# I found evil fretless 6 string bass. Red strings!



## ixlramp (Aug 26, 2010)

Monson Guitars make some amazing evil shaped guitars and basses: Monson Guitars

I love fretless bass, and I also love evil shapes, but manufacturers rarely combine the two. 

Here's the owner...






Gilles de Rais of Teratism: TERATISM on MySpace Music - Free Streaming MP3s, Pictures & Music Downloads

You can hear creepy slippery fretless playing on the track 'Iesous Khristos Cambion'.


----------



## MaxOfMetal (Aug 26, 2010)

I'm typically not a fan of Monson's stuff, but that bass is pretty hot. Kinda over the top, but still hot.


----------



## beefshoes (Aug 26, 2010)

I hate the design but I would do almost anything to get my hands on a 6 string fretless.


----------



## sol niger 333 (Aug 26, 2010)

Cheers, I like having to swallow my own vomit haha


----------



## ittoa666 (Aug 27, 2010)

Didn't know Emperor Palpatine was into black metal, but it seems appropriate.


----------



## All_¥our_Bass (Aug 27, 2010)

I'll take two, one fretted and one fretless.


----------



## SD83 (Aug 27, 2010)

ixlramp said:


>


I do like the shape, a lot actually, but combined with the huge neck/headstock, it just looks too small.
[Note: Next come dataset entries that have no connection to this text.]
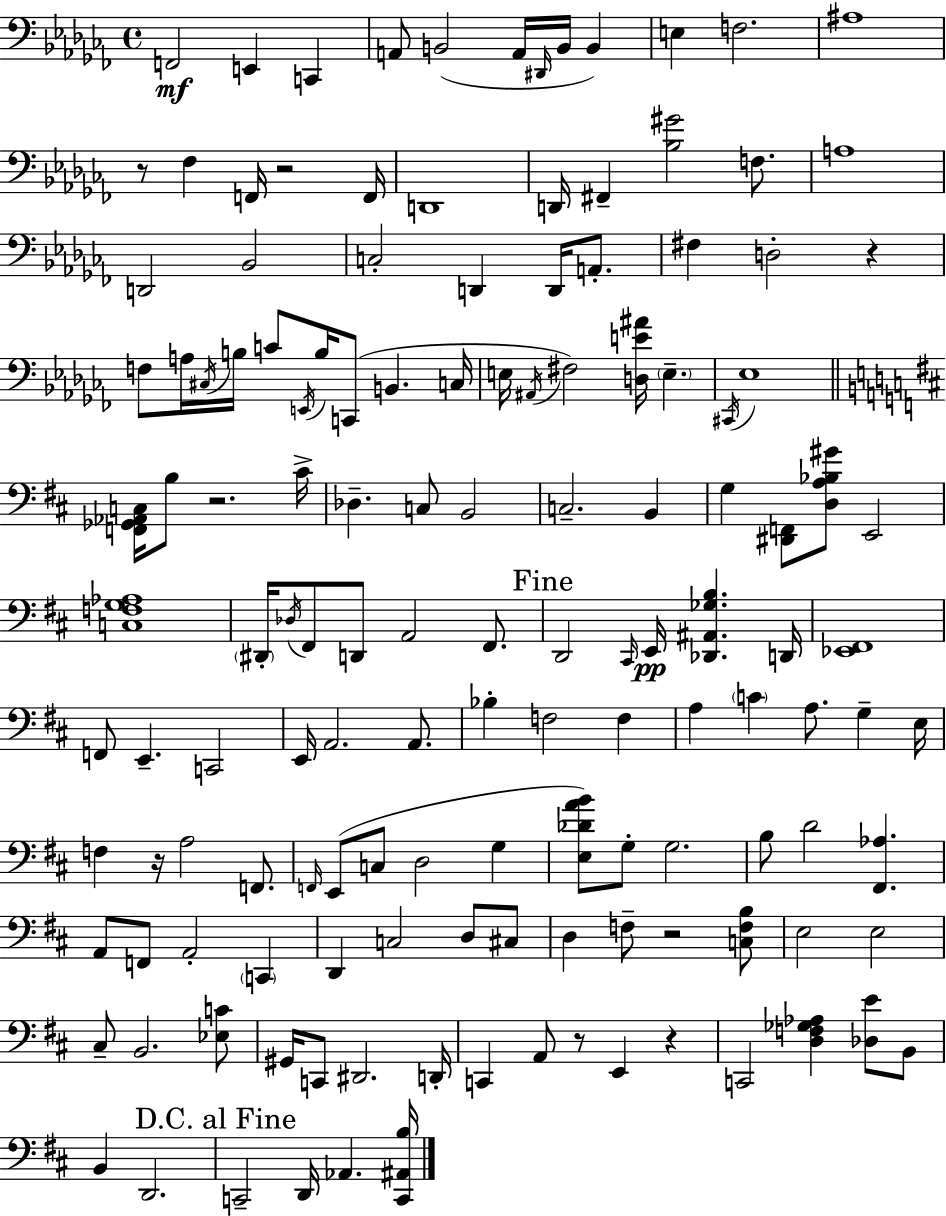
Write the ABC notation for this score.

X:1
T:Untitled
M:4/4
L:1/4
K:Abm
F,,2 E,, C,, A,,/2 B,,2 A,,/4 ^D,,/4 B,,/4 B,, E, F,2 ^A,4 z/2 _F, F,,/4 z2 F,,/4 D,,4 D,,/4 ^F,, [_B,^G]2 F,/2 A,4 D,,2 _B,,2 C,2 D,, D,,/4 A,,/2 ^F, D,2 z F,/2 A,/4 ^C,/4 B,/4 C/2 E,,/4 B,/4 C,,/2 B,, C,/4 E,/4 ^A,,/4 ^F,2 [D,E^A]/4 E, ^C,,/4 _E,4 [F,,_G,,_A,,C,]/4 B,/2 z2 ^C/4 _D, C,/2 B,,2 C,2 B,, G, [^D,,F,,]/2 [D,A,_B,^G]/2 E,,2 [C,F,G,_A,]4 ^D,,/4 _D,/4 ^F,,/2 D,,/2 A,,2 ^F,,/2 D,,2 ^C,,/4 E,,/4 [_D,,^A,,_G,B,] D,,/4 [_E,,^F,,]4 F,,/2 E,, C,,2 E,,/4 A,,2 A,,/2 _B, F,2 F, A, C A,/2 G, E,/4 F, z/4 A,2 F,,/2 F,,/4 E,,/2 C,/2 D,2 G, [E,_DAB]/2 G,/2 G,2 B,/2 D2 [^F,,_A,] A,,/2 F,,/2 A,,2 C,, D,, C,2 D,/2 ^C,/2 D, F,/2 z2 [C,F,B,]/2 E,2 E,2 ^C,/2 B,,2 [_E,C]/2 ^G,,/4 C,,/2 ^D,,2 D,,/4 C,, A,,/2 z/2 E,, z C,,2 [D,F,_G,_A,] [_D,E]/2 B,,/2 B,, D,,2 C,,2 D,,/4 _A,, [C,,^A,,B,]/4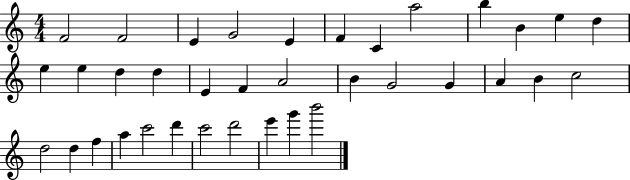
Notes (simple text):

F4/h F4/h E4/q G4/h E4/q F4/q C4/q A5/h B5/q B4/q E5/q D5/q E5/q E5/q D5/q D5/q E4/q F4/q A4/h B4/q G4/h G4/q A4/q B4/q C5/h D5/h D5/q F5/q A5/q C6/h D6/q C6/h D6/h E6/q G6/q B6/h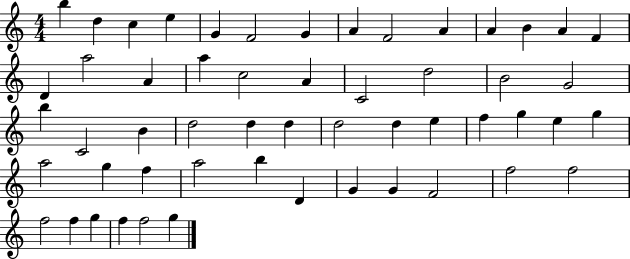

For a four string, it would look great, but I'd say for a six-string they should enlarge the body according to the neck. This might be lighter, but I doubt the balance will be any good.
Still, I want one!


----------



## Necris (Aug 27, 2010)

I love that bass, despite not being a fan of monson overall. His (Gilles De Rais) playing is very audible on Teratisms newest album which was a pleasant surprise, although it is probably partially due to the guitars having nearly no low end, but thats a discussion for another time.


----------